New rules create even more generous parental leave rights in Sweden

Insights|February 23, 2024

The parliament recently approved new rules about parental leave rights that allow virtually anyone to take parental leave to care for a sick child, for example. This means that the group of employees who can request leave and be covered by the protection against unfavorable treatment in the workplace due to parental leave will be considerably wider than before.

The new rules, which come into effect this July, aim to give parents more flexibility and are adapted to be better suited to the modern family, which can be very diverse. There are three important things to know about the new rules. Firstly, the number of days that both parents are entitled to take out as parental leave simultaneously (so-called “double days”) is doubled from 30 to 60 days per child. Secondly, these double days can now be used over a longer period, i.e. anytime during the first 15 months of the child´s life instead of the 12 months that applied previously. Lastly, the new rules introduce the possibility of transferring days of parental leave to a non-parent by written notification to the Swedish Social Insurance Agency (Sw. Försäkringskassan). Parents with joint custody will be able to transfer 45 days each, while a parent with sole custody will be able to transfer 90 days.

In Sweden, the vast majority of parental leave days are still taken by mothers despite measures taken by the legislator over the years. A concern has been raised that the new more generous rights to transfer parental leave days may not serve to create a more equal distribution of the parental leave days between the parents.

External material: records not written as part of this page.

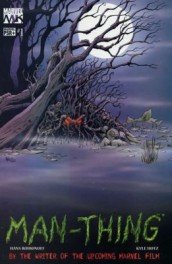 Man-Thing/Man-Thing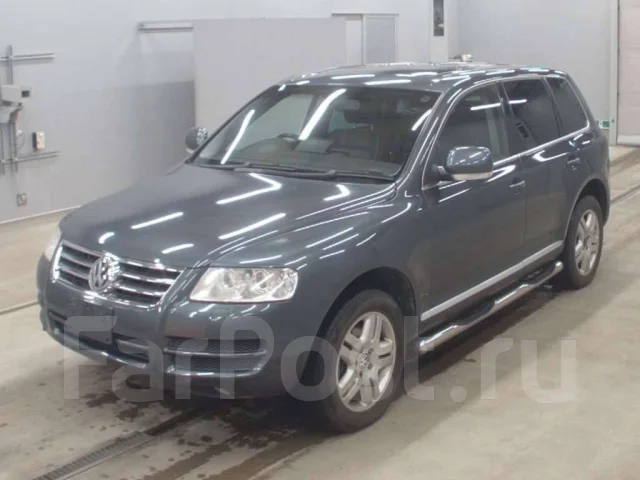 Volkswagen Touareg. �������, 4wd, 3.2, ������, �/�, ��� ���. ��� ����� �� ������� ����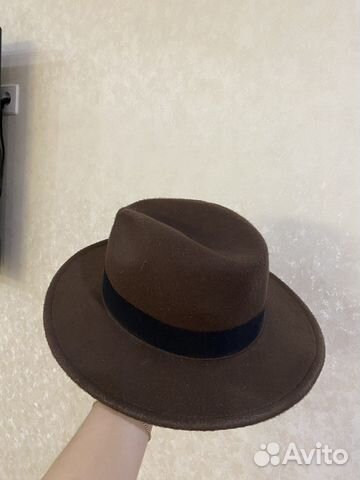 Шляпа мужская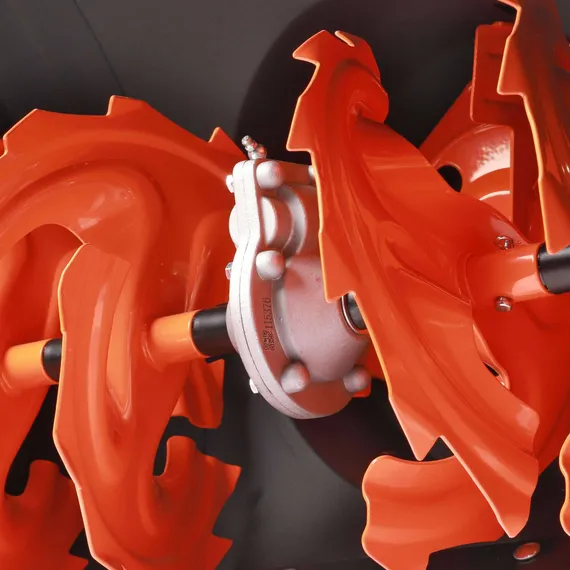 Бензиновый снегоуборщик "PATRIOT" PS 707 T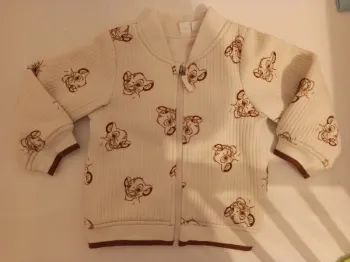 Veste bebe roi lion Disney taille 23mois
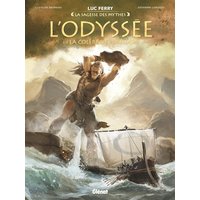 L'Odyssée - Tome 01 - La Colère de Poséidon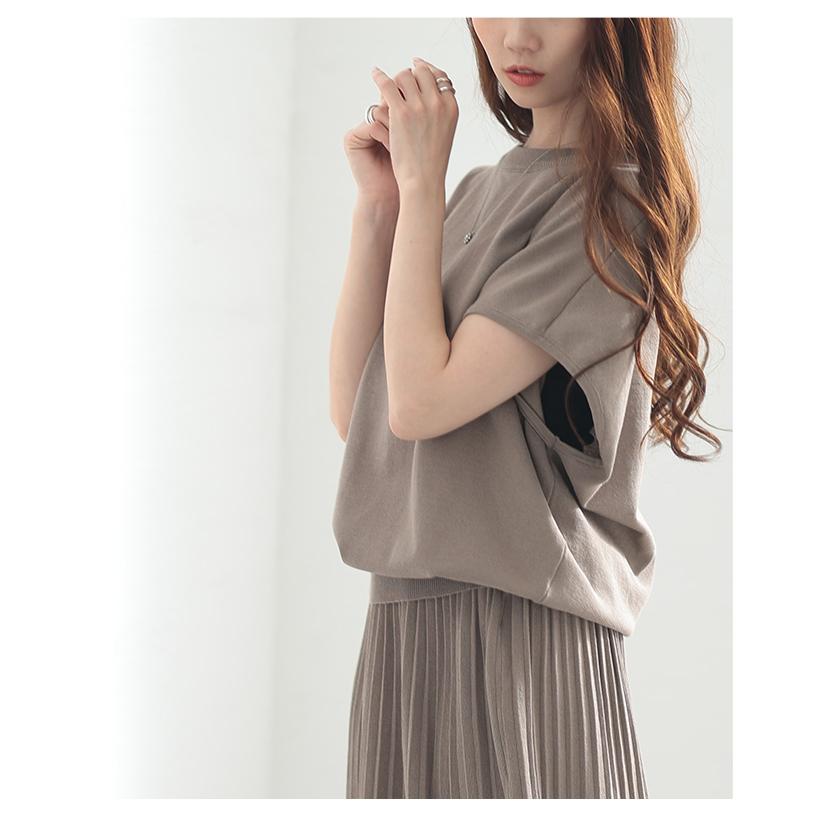 Sawa a la mode レディース セットアップ 夏 夏服 トップス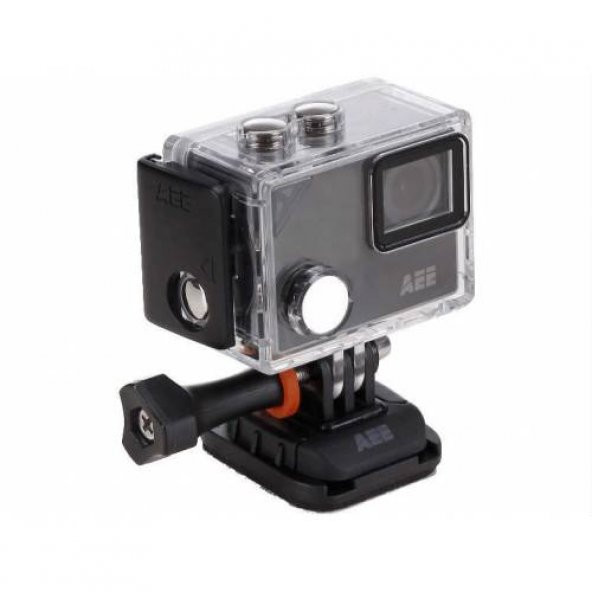 Aee Lyfe Silver S91 4K Aksiyon Video Kamera 4K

Several consultation bodies, including the Swedish Agency for Government Employers and the Swedish Equality Authority, have stated that there is a risk that more men than women will transfer their parental leave to another woman, instead of using the days themselves, which would go against the aim of achieving a more gender-equal distribution of parental leave.

For employers, the new legislation means that a wider group of employees will be able to take out leave on short notice, for example to take care of a relative’s or a friend’s sick child. Naturally, this will lead to further business planning challenges for employers. It should also be noted that a wider group of employees will be protected by the prohibition against unfavorable treatment in the workplace when they exercise these rights, which could lead to further disputes in this area of law.